■ AIM OF THE EXERCISE ■
Output the full listing exactly as written, with no pictures in it.

■ DATA EXCERPT ■
=== Begin Enclosure ===

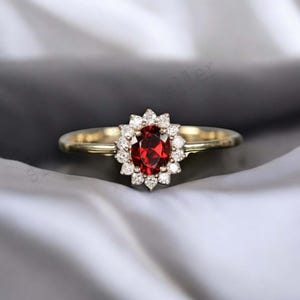 Garnet and Diamond Halo Engagement Ring, Rose Gold Plated Oval Cut Gemstone Ring, January Birthstone Ring, Anniversary Ring, Promise Ring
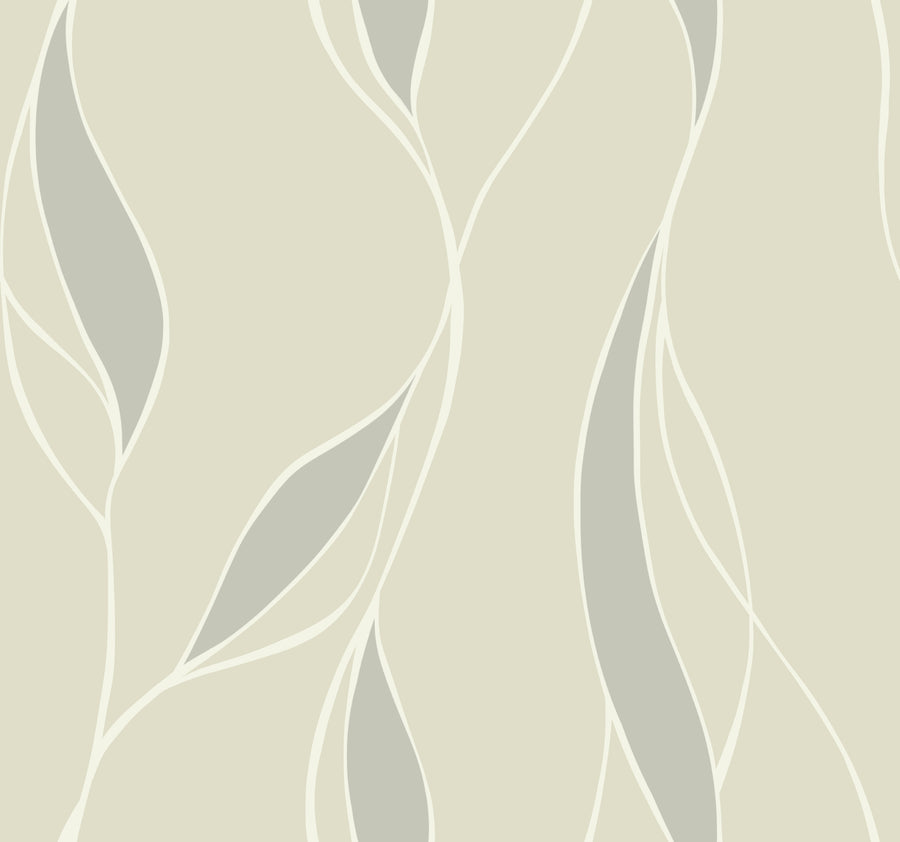 Modern Trailing Leaf in Champagne and Taupe on Satin Wallpaper - all4wallswall-paper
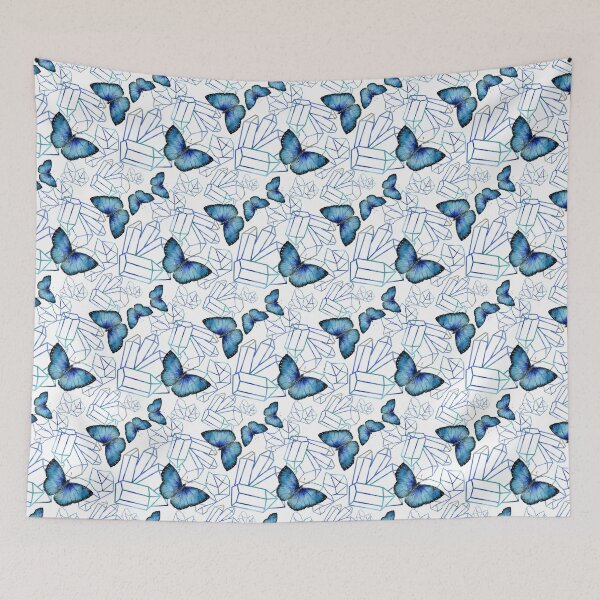 Item preview, Bright Blue Butterflies on a Faceted Blue Crystal Background. designed and sold by TeeRayBee.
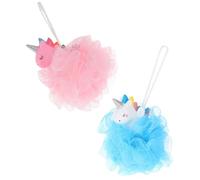 Healifty 2pcs Unicorn Bath Sponge Set, Exfoliating Pe Mesh Shower Loofahs, Rich Foaming Body Scrubbing Balls in Pink and Blue for Gentle Bathing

=== End Enclosure ===

■ SOLUTION BELOW ■
 Garnet and Diamond Halo Engagement Ring, Rose Gold Plated Oval Cut Gemstone Ring, January Birthstone Ring, Anniversary Ring, Promise Ring
 Modern Trailing Leaf in Champagne and Taupe on Satin Wallpaper - all4wallswall-paper
 Item preview, Bright Blue Butterflies on a Faceted Blue Crystal Background. designed and sold by TeeRayBee.
 Healifty 2pcs Unicorn Bath Sponge Set, Exfoliating Pe Mesh Shower Loofahs, Rich Foaming Body Scrubbing Balls in Pink and Blue for Gentle Bathing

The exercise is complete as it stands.